### TASK DIRECTIONS
Each line from the beginning of the entries below through the line that includes "[ROUND LAB] 1025" must be returned exactly as given.

### DATA TO EXAMINE
--- START ---

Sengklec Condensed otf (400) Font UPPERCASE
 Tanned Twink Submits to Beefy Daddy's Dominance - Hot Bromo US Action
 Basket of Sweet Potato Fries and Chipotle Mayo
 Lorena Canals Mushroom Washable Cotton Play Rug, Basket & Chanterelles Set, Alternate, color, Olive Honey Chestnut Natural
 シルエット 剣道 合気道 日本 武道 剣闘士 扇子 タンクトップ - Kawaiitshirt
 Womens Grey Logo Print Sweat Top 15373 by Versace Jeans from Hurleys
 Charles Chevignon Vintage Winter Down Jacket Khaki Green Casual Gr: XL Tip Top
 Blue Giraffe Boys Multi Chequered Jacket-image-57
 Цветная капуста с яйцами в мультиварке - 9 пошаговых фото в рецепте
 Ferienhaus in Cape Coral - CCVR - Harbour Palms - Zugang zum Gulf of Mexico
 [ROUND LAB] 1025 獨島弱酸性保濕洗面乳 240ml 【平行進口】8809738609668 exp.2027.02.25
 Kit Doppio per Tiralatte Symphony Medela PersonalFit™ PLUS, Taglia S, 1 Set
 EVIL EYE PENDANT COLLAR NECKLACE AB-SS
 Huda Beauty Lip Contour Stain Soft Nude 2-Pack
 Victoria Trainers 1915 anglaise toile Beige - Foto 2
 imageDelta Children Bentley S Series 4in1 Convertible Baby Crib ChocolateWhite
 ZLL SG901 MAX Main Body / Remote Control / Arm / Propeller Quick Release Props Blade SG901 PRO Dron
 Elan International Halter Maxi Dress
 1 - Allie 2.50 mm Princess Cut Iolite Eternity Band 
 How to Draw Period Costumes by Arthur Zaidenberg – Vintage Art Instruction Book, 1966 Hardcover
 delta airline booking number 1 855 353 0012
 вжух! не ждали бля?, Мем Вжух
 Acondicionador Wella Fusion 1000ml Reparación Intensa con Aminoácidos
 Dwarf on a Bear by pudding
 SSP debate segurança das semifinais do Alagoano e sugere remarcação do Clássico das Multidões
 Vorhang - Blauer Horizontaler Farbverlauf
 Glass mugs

--- END ---

### TASK RESULT
Sengklec Condensed otf (400) Font UPPERCASE
 Tanned Twink Submits to Beefy Daddy's Dominance - Hot Bromo US Action
 Basket of Sweet Potato Fries and Chipotle Mayo
 Lorena Canals Mushroom Washable Cotton Play Rug, Basket & Chanterelles Set, Alternate, color, Olive Honey Chestnut Natural
 シルエット 剣道 合気道 日本 武道 剣闘士 扇子 タンクトップ - Kawaiitshirt
 Womens Grey Logo Print Sweat Top 15373 by Versace Jeans from Hurleys
 Charles Chevignon Vintage Winter Down Jacket Khaki Green Casual Gr: XL Tip Top
 Blue Giraffe Boys Multi Chequered Jacket-image-57
 Цветная капуста с яйцами в мультиварке - 9 пошаговых фото в рецепте
 Ferienhaus in Cape Coral - CCVR - Harbour Palms - Zugang zum Gulf of Mexico
 [ROUND LAB] 1025 獨島弱酸性保濕洗面乳 240ml 【平行進口】8809738609668 exp.2027.02.25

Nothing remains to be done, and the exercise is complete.